The ultimate goal of AI research is to build technologies that benefit humans — from assisting us with quotidian tasks to addressing grand existential challenges facing society1. Machine learning systems have already solved major problems in biomedicine2, and helped address humanitarian and environmental challenges. However, an underexplored frontier is the deployment of AI to help humans design fair and prosperous societies5. In economics and game theory, the field known as mechanism design studies how to optimally control the flow of wealth, information or power among incentivized actors to meet a desired objective, for example by regulating markets, setting taxes or aggregating electoral votes. Here we asked whether a deep reinforcement learning (RL) agent could be used to design an economic mechanism that is measurably preferred by groups of incentivized humans.
The challenge of building AI systems whose behaviour is preferred by humans is called the problem of ‘value alignment’. One key hurdle for value alignment is that human society admits a plurality of views, making it unclear to whose preferences AI should align. For example, political scientists and economists are often at loggerheads over which mechanisms will make our societies function most fairly or efficiently. In AI research, there is a growing realization that to build human-compatible systems, we need new research methods in which humans and agents interact, and an increased effort to learn values directly from humans to build value-aligned AI. Capitalizing on this idea, here we combined modern deep RL with an age-old technology for arbitrating among conflicting views—majoritarian democracy among human voters—to develop a human-centred research pipeline for value-aligned AI research. Instead of imbuing our agents with purportedly human values a priori, and thus potentially biasing systems towards the preferences of AI researchers, we train them to maximize a democratic objective: to design policies that humans prefer and thus will vote to implement in a majoritarian election. We call our approach, which extends recent related participatory approaches, ‘Democratic AI’.
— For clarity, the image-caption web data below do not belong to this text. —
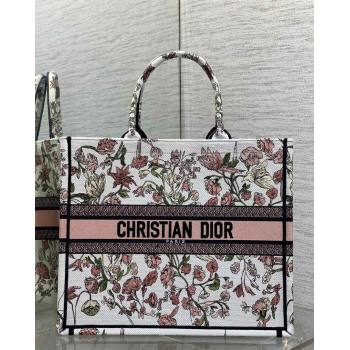 Dior Large Book Tote Bag in Pink Multicolor Millefiori Embroidery 2026 0126 (XXG-260126076)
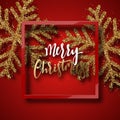 Christmas background red, with beautiful bright snowflakes realistic shine glitter. Royalty Free Stock Photo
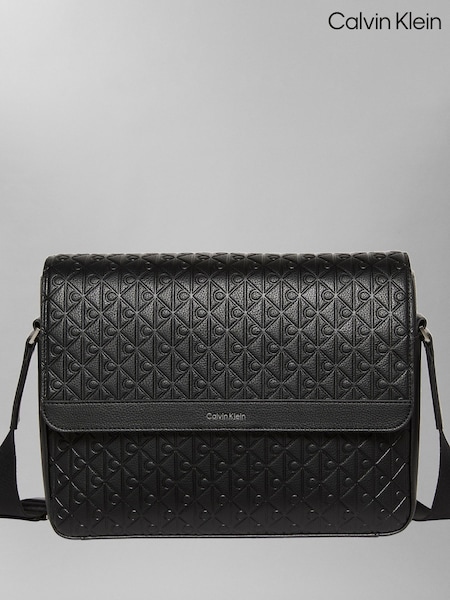 Calvin Klein Embossed Emblem Logo Flap Messenger Bag (V44624) | ‏704‏₪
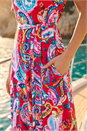 Red Petite Floral Tie Front Swing Dress, Image 4 of 4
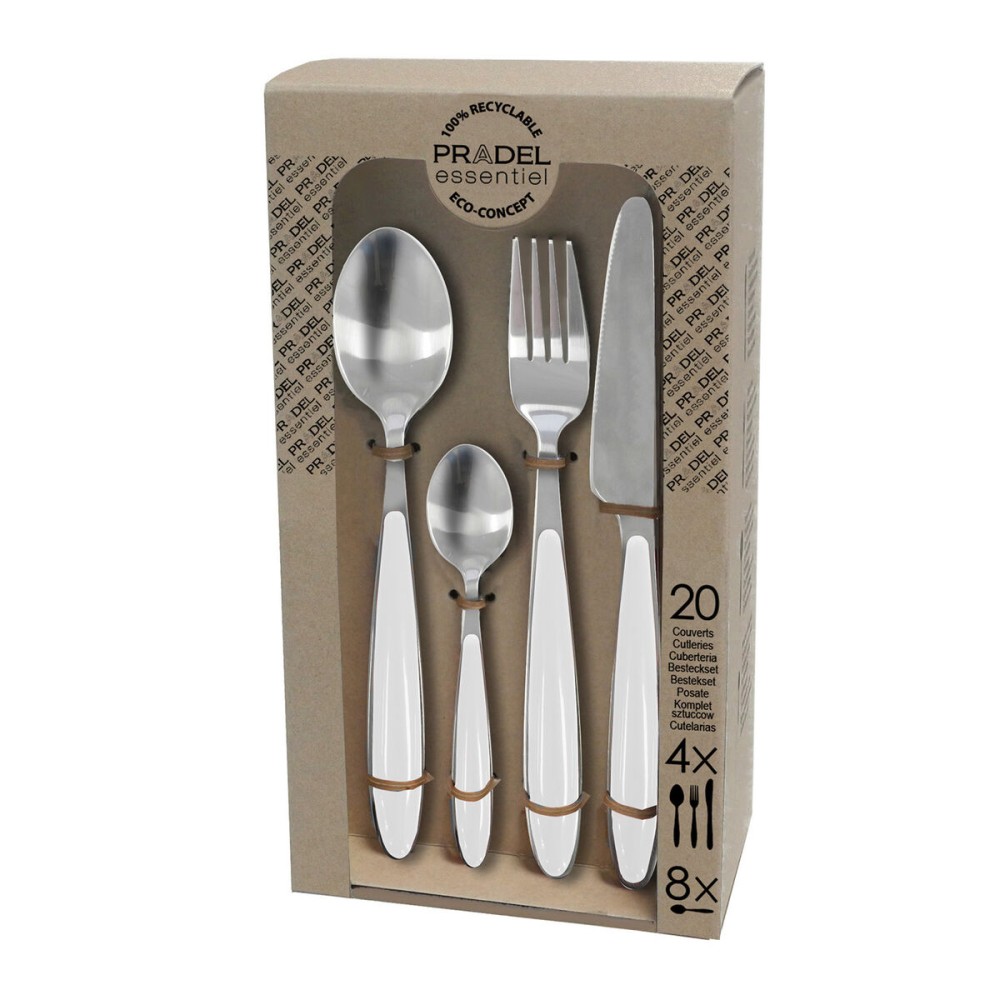 Cutlery Pradel essentiel Colorfull White Metal 20 Pieces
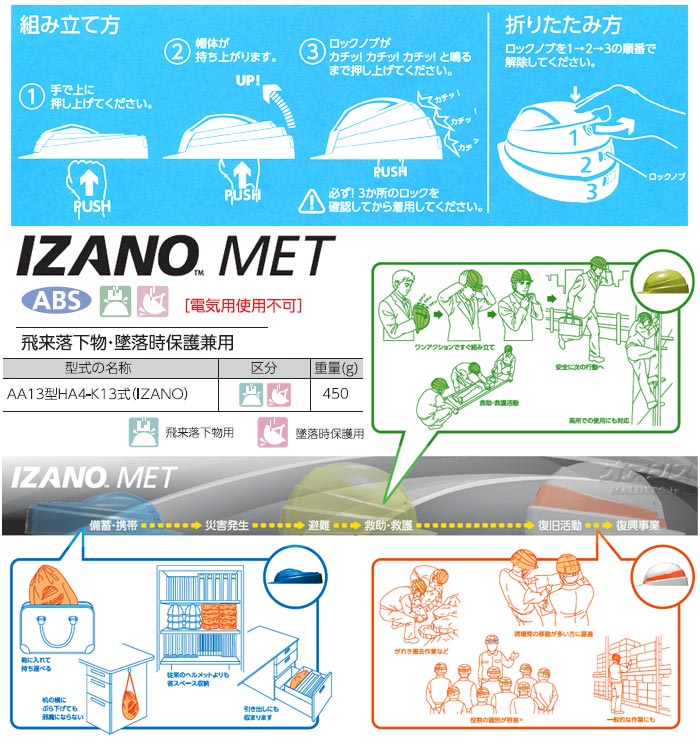 防災用折り畳みヘルメット IZANO MET (オレンジ/白) 国家検定品 AA13-O/W KP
As a first rigorous test, we deploy Democratic AI to address a question that has defined the major axes of political agreement and division in modern times: when people act collectively to generate wealth, how should the proceeds be distributed?. We asked a large group of humans to play an incentive-compatible online investment game that involved repeated decisions about whether to keep a monetary endowment or to share it with other players for potential collective benefit. We trained a deep RL agent to design a redistribution mechanism which shared funds back to players under both wealth equality and inequality. The mechanism it produced was ultimately preferred by the players in a majoritarian election.